Brief
Please repeat the lines below exactly. Begin with the line containing "Gift For Yourself, Gift" and go on through the line containing "Black sweatshirt with".

Data shown
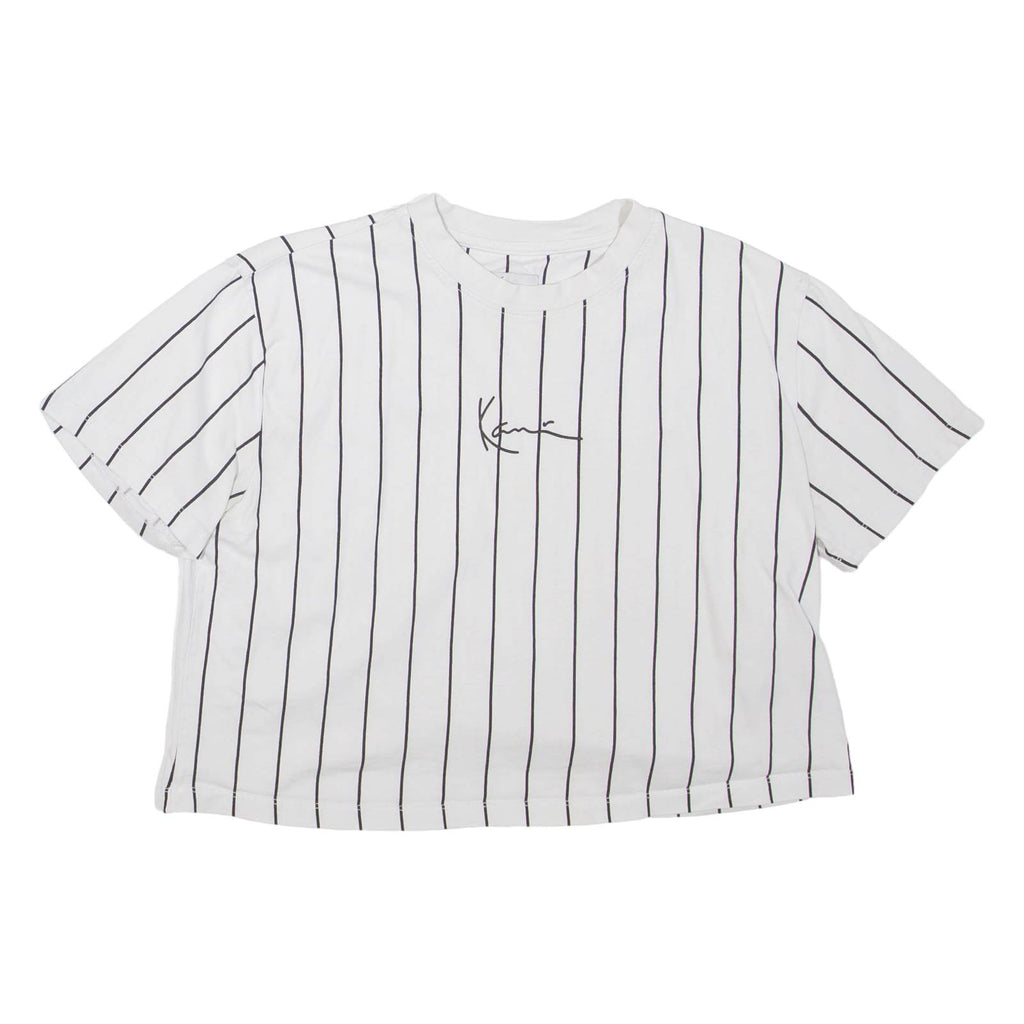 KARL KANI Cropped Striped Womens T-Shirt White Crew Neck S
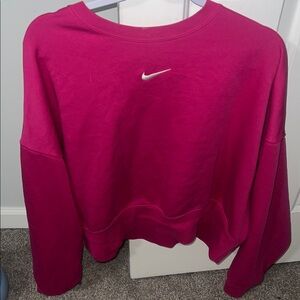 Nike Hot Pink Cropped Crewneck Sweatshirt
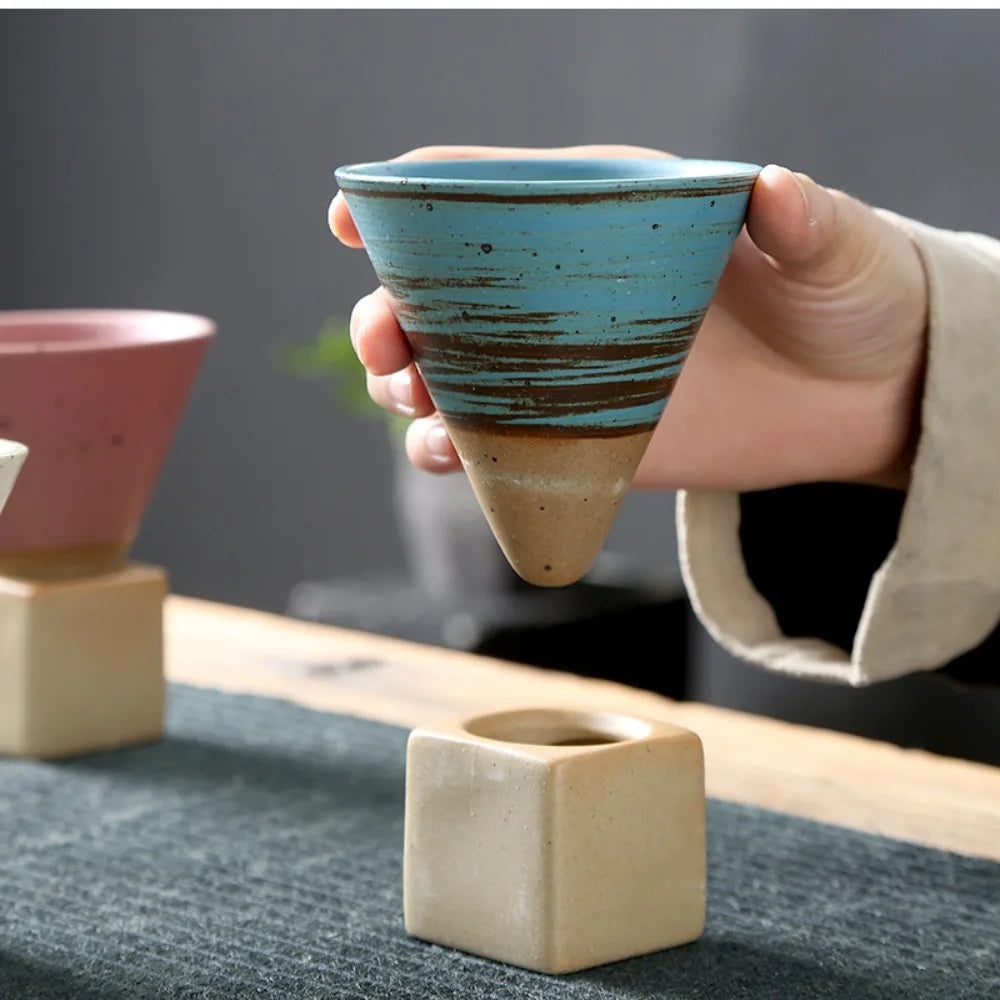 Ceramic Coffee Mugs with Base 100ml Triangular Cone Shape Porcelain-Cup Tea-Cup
==
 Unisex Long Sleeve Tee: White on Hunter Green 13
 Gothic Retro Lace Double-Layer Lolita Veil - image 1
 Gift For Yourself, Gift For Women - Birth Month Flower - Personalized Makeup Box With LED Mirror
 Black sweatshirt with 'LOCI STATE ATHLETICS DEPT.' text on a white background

Exercise result
 Gift For Yourself, Gift For Women - Birth Month Flower - Personalized Makeup Box With LED Mirror
 Black sweatshirt with 'LOCI STATE ATHLETICS DEPT.' text on a white background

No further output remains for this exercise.